I'm trying to use drake to write files to a non-working directory. Unfortunately, there isn't a great way to do this right now, other than passing a literal string of the fully realized path at the time I'm writing a plan. I might be able to gimick something together using evaluate_plan(), but this seems unpleasant, espescially when the file_ family is already a series of useful exceptions.
library("tidyverse")
library("drake")
setwd(tempdir())
dir.create("outfiles")
packageVersion("drake") #installed from commit 04c6dfc
path_var <- file.path("outfiles")
file_name_var <- file.path(path_var, "file_name_var.csv")
this_plan <- drake_plan(
data = mtcars,
write_csv(x = data, path = file_out("rootdir.csv")), # cool
write_csv(x = data, path = file_out("outfiles/singlestring.csv")), # cool
write_csv(x = data, path = file_out(file.path("outfiles", "filepath.csv"))), # bad, coerces filename
write_csv(x = data, path = file_out(file.path(path_var, "path_var.csv"))), # bad, coerces filename
pathname = file.path("outfiles", "drake_obj.csv"),
write_csv(x = data, path = file_out(pathname)), # bad, thinks file_out is empty
write_csv(x = data, path = file_out(file_name_var)) # bad, doesn't know what to do
)
make(this_plan)
Suggested behavior: drake_plan should try to evaluate the path argument of file_out (& friends) if it is not already a single character string, or, more accurately, if the argument is a function call.
This is technically a duplicate of #347, but I like your explanation. I still need convincing, though. It would be difficult to evaluate calls to file.path() inside file_out() in-place, and it may mislead users into thinking they can define path_var and file_name_var as targets in the workflow plan. I do not think we will see this capability until we have the delayed evaluation we need for #233 and #304.
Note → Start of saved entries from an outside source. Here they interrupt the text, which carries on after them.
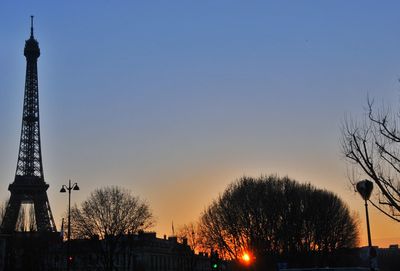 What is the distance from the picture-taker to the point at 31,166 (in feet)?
345

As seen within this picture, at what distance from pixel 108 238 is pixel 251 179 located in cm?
1915

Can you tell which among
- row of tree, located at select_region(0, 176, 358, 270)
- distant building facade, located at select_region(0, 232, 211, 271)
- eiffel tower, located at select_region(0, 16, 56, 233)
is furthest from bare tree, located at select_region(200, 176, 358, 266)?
eiffel tower, located at select_region(0, 16, 56, 233)

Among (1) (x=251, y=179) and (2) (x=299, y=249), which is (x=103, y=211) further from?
(2) (x=299, y=249)

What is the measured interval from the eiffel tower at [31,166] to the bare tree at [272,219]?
34747 mm

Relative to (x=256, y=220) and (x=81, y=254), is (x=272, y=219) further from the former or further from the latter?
(x=81, y=254)

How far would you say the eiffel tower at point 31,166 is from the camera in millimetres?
96688

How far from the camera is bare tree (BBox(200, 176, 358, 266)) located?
220 ft

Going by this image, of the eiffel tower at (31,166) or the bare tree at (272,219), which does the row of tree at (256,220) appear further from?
the eiffel tower at (31,166)

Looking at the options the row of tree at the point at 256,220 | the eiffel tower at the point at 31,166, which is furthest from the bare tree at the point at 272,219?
the eiffel tower at the point at 31,166

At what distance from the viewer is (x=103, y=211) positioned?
2970 inches

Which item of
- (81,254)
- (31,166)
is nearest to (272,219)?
(81,254)

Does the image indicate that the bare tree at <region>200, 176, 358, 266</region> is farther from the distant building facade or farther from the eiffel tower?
the eiffel tower

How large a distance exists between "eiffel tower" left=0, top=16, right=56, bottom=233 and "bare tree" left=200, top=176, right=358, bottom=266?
34.7 m

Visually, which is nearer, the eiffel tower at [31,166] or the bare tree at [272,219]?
the bare tree at [272,219] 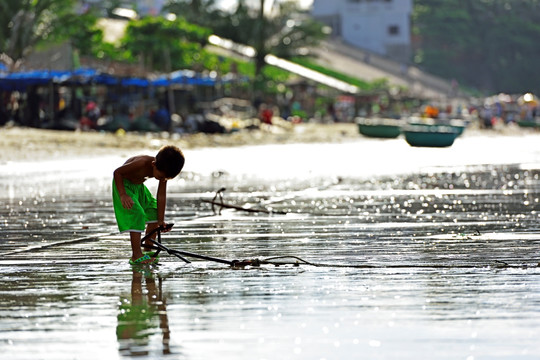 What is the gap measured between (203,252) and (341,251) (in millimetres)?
1223

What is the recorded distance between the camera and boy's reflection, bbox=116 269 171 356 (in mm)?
6992

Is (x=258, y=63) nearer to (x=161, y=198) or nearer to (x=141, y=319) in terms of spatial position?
(x=161, y=198)

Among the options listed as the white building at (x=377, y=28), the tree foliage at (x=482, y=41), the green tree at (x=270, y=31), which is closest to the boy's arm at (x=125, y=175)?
the green tree at (x=270, y=31)

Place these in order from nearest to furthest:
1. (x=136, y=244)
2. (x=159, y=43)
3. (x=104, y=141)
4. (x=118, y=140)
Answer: (x=136, y=244), (x=104, y=141), (x=118, y=140), (x=159, y=43)

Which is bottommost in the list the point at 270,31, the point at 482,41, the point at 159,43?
the point at 159,43

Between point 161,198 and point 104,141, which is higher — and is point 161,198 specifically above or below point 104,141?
below

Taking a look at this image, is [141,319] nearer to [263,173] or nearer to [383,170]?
[263,173]

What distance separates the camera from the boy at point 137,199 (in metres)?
10.1

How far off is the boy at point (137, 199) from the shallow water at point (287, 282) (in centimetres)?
26

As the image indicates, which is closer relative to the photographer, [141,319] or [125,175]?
[141,319]

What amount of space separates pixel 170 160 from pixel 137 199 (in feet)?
2.80

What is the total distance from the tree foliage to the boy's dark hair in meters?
108

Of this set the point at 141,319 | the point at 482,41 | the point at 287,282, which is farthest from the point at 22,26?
the point at 482,41

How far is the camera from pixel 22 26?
48.8 m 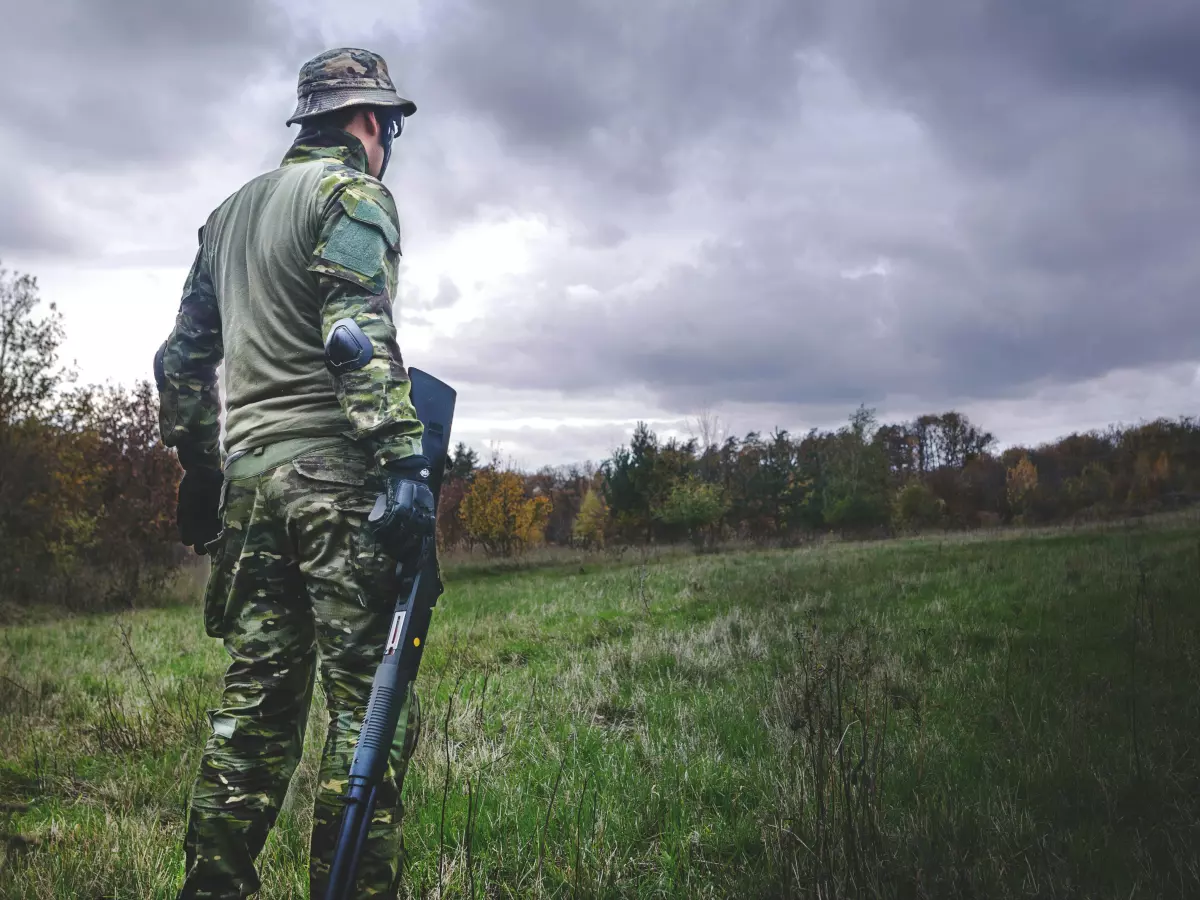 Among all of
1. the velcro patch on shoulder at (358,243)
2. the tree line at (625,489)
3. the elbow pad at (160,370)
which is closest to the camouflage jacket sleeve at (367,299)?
the velcro patch on shoulder at (358,243)

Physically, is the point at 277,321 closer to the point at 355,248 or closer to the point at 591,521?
the point at 355,248

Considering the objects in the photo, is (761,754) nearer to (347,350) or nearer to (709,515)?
(347,350)

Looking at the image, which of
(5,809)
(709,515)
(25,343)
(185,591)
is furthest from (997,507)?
(5,809)

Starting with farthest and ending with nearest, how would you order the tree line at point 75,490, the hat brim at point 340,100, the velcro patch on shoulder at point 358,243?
the tree line at point 75,490
the hat brim at point 340,100
the velcro patch on shoulder at point 358,243

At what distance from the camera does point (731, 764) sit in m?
3.30

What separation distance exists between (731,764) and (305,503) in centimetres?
216

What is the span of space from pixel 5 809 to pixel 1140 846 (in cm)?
453

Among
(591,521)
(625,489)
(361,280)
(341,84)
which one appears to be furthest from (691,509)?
(361,280)

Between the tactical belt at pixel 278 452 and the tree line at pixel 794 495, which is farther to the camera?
the tree line at pixel 794 495

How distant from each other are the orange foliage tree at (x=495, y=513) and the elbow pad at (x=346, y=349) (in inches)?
1079

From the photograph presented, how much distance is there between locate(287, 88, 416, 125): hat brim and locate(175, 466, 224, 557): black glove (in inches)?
53.7

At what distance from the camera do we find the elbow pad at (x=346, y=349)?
2.24 meters

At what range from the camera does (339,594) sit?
226cm

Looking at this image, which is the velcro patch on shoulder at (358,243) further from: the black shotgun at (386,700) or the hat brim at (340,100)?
the black shotgun at (386,700) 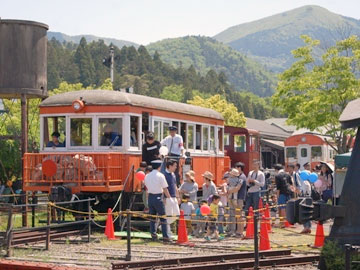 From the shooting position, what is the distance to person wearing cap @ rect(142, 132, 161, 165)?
1844 cm

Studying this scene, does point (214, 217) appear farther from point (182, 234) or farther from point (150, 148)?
point (150, 148)

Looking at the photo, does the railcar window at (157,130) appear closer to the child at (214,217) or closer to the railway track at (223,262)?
the child at (214,217)

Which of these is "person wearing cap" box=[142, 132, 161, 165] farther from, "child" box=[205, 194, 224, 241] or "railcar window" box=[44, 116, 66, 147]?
"railcar window" box=[44, 116, 66, 147]

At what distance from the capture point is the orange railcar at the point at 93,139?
18.7m

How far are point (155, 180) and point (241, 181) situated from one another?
313 centimetres

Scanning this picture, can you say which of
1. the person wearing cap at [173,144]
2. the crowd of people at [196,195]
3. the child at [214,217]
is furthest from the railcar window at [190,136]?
the child at [214,217]

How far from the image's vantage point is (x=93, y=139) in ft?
64.4

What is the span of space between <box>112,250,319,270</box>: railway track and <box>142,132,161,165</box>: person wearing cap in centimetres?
574

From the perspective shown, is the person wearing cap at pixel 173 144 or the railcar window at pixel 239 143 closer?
the person wearing cap at pixel 173 144

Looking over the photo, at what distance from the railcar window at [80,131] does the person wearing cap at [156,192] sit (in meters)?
3.97

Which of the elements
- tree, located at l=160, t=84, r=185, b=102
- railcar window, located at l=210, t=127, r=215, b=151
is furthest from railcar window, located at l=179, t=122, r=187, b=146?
tree, located at l=160, t=84, r=185, b=102

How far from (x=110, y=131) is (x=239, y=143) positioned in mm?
13480

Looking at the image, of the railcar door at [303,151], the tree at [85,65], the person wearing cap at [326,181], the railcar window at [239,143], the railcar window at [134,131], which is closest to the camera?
the railcar window at [134,131]

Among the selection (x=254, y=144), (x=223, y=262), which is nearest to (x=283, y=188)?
(x=223, y=262) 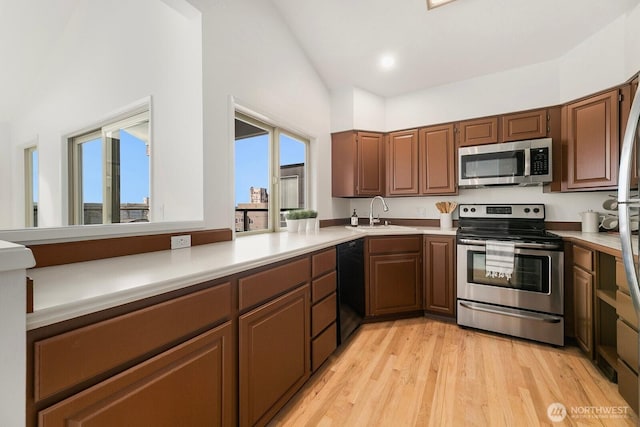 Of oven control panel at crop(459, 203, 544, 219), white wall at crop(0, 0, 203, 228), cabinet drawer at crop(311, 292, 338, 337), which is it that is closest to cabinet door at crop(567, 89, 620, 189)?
oven control panel at crop(459, 203, 544, 219)

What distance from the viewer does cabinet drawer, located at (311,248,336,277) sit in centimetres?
184

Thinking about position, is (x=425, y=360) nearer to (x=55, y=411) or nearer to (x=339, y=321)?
(x=339, y=321)

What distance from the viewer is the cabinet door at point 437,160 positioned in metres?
3.06

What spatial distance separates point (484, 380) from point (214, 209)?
2.14m

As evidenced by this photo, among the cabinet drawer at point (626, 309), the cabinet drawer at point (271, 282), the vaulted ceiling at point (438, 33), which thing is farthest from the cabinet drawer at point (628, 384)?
the vaulted ceiling at point (438, 33)

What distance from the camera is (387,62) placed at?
300 centimetres

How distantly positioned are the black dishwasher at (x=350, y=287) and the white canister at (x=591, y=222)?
2.02 meters

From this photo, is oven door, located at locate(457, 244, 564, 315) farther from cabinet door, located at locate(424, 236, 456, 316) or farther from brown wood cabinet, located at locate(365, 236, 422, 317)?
brown wood cabinet, located at locate(365, 236, 422, 317)

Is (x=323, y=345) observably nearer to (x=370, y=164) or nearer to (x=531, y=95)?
(x=370, y=164)

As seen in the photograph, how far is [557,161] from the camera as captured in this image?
262 cm

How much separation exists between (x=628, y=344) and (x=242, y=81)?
299 cm

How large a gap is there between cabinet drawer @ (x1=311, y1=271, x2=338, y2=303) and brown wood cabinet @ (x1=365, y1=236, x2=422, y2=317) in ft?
2.30

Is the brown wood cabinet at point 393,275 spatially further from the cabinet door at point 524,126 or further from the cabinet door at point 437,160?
the cabinet door at point 524,126

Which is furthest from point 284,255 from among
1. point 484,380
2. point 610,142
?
point 610,142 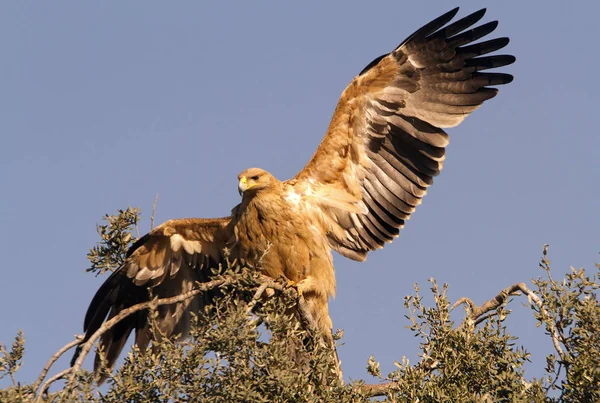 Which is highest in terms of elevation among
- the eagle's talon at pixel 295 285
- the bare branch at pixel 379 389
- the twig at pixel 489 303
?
the eagle's talon at pixel 295 285

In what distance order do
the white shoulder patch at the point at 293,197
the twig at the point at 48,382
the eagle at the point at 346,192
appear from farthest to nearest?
the white shoulder patch at the point at 293,197, the eagle at the point at 346,192, the twig at the point at 48,382

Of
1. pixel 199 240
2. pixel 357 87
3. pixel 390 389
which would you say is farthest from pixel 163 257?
pixel 390 389

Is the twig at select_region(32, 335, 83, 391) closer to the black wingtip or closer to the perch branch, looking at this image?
the perch branch

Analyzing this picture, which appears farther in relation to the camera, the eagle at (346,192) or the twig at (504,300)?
the eagle at (346,192)

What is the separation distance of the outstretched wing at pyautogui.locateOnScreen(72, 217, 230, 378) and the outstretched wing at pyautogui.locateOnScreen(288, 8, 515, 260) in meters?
1.21

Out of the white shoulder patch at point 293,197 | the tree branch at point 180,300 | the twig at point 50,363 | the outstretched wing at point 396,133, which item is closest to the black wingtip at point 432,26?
the outstretched wing at point 396,133

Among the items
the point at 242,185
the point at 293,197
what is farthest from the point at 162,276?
the point at 293,197

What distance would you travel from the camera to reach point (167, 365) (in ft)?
18.2

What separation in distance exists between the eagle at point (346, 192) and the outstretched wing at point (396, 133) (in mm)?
11

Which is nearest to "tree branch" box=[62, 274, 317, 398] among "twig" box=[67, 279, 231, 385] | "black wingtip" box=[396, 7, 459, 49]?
"twig" box=[67, 279, 231, 385]

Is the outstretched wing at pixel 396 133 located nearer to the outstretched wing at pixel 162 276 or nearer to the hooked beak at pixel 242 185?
the hooked beak at pixel 242 185

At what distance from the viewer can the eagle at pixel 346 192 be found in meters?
8.43

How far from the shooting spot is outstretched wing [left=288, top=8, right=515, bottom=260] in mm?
8836

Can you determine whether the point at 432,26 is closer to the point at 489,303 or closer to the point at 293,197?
the point at 293,197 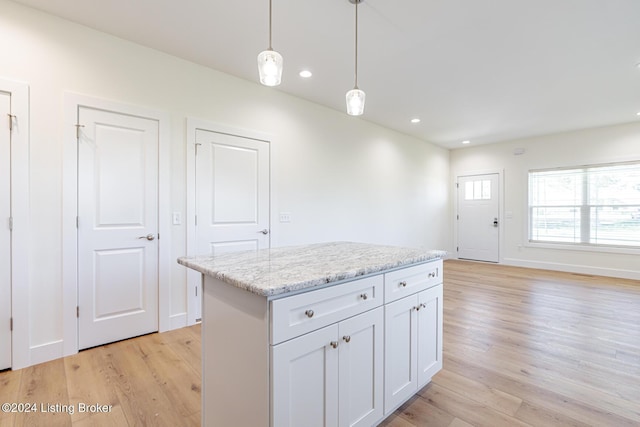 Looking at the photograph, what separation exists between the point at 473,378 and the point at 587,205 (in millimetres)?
5255

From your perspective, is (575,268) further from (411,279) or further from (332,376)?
(332,376)

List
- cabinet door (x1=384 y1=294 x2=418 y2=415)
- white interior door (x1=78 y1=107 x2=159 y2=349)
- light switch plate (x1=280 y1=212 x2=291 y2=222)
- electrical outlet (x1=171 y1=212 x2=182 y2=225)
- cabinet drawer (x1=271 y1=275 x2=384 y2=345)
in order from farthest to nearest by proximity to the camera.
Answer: light switch plate (x1=280 y1=212 x2=291 y2=222), electrical outlet (x1=171 y1=212 x2=182 y2=225), white interior door (x1=78 y1=107 x2=159 y2=349), cabinet door (x1=384 y1=294 x2=418 y2=415), cabinet drawer (x1=271 y1=275 x2=384 y2=345)

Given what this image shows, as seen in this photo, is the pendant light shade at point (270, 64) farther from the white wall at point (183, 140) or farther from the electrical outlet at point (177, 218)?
the electrical outlet at point (177, 218)

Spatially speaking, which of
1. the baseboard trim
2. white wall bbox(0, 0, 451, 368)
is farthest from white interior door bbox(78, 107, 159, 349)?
the baseboard trim

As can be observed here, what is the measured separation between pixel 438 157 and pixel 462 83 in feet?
11.4

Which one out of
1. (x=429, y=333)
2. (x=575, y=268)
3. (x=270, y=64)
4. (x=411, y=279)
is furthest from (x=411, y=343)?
(x=575, y=268)

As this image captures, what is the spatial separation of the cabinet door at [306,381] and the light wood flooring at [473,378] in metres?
0.19

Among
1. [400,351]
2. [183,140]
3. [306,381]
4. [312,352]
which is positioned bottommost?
[400,351]

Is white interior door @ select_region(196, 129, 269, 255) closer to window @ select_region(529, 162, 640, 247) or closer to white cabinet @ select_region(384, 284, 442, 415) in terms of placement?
white cabinet @ select_region(384, 284, 442, 415)

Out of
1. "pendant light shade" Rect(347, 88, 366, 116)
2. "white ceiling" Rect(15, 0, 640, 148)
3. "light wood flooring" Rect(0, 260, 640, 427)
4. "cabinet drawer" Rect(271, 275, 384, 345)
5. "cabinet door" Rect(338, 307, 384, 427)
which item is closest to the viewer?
"cabinet drawer" Rect(271, 275, 384, 345)

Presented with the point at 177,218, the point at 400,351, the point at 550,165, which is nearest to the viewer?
the point at 400,351

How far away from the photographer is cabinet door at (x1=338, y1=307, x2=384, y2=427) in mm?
1326

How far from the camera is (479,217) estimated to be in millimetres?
6648

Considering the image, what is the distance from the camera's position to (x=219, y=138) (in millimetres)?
3170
For now, I think wildcards have the intended result.
library(drake)
library(magrittr)
drake_plan(
data = mtcars,
write_csv(data, file_out("DIR1/file1.csv")),
write_csv(data, file_out("DIR2/file2.csv"))
) %>%
evaluate_plan(
rules = list(DIR1 = "out1", DIR2 = "out2"),
expand = FALSE
)
#> # A tibble: 3 x 2
#> target command
#> <chr> <chr>
#> 1 data mtcars
#> 2 "\"out1/file1.csv\"" "write_csv(data, file_out(\"out1/file1.csv\"))"
#> 3 "\"out2/file2.csv\"" "write_csv(data, file_out(\"out2/file2.csv\"))"
Just stumbled on that To me, this was unexpected. An alternative might be to use a special class
for files to distinguish them from literal strings, but I don't have enough understanding of the drake internals to have an educated opinion about that.
I did not know about evaluate_plan() though. I was just wondering if it is really a good idea to replace all text that matches the rule with some other text in evaluate_plan()
Maybe it is worth establishing a convention to use something like using stars around all "variables", e.g. *KEY*. If you have a large plan, it may be dangerous to do a simple text replacement, as it may have unexpected consequences:
library(drake)
library(magrittr)
drake_plan(
data = mtcars,
a = write_csv(data, file_out("DIR1/file1.csv")),
b = write_csv(data, file_out("DIR2/file2.csv")),
c = i_have_a_function_with_DIR1(x)
) %>%
evaluate_plan(
rules = list(DIR1 = "out1", DIR2 = "out2"),
expand = FALSE
)
#> # A tibble: 4 x 2
#> target command
#> <chr> <chr>
#> 1 data mtcars
#> 2 "\"*out1*/file1.csv\"" write_csv(data, file_out('out1/file1.csv'))
#> 3 "\"*out2*/file2.csv\"" write_csv(data, file_out('out2/file2.csv'))
#> 4 c i_have_a_function_with_out1(x)
Which could be avoided with
drake_plan(
data = mtcars,
a = write_csv(data, file_out("*DIR1*/file1.csv")),
b = write_csv(data, file_out("*DIR2*/file2.csv")),
c = i_have_a_function_with_DIR1(x)
) %>%
evaluate_plan(
rules = list(`*DIR1*` = "out1", `*DIR2*` = "out2"),
expand = FALSE
)
#> # A tibble: 4 x 2
#> target command
#> <chr> <chr>
#> 1 data mtcars
#> 2 "\"out1/file1.csv\"" write_csv(data, file_out('out1/file1.csv'))
#> 3 "\"out2/file2.csv\"" write_csv(data, file_out('out2/file2.csv'))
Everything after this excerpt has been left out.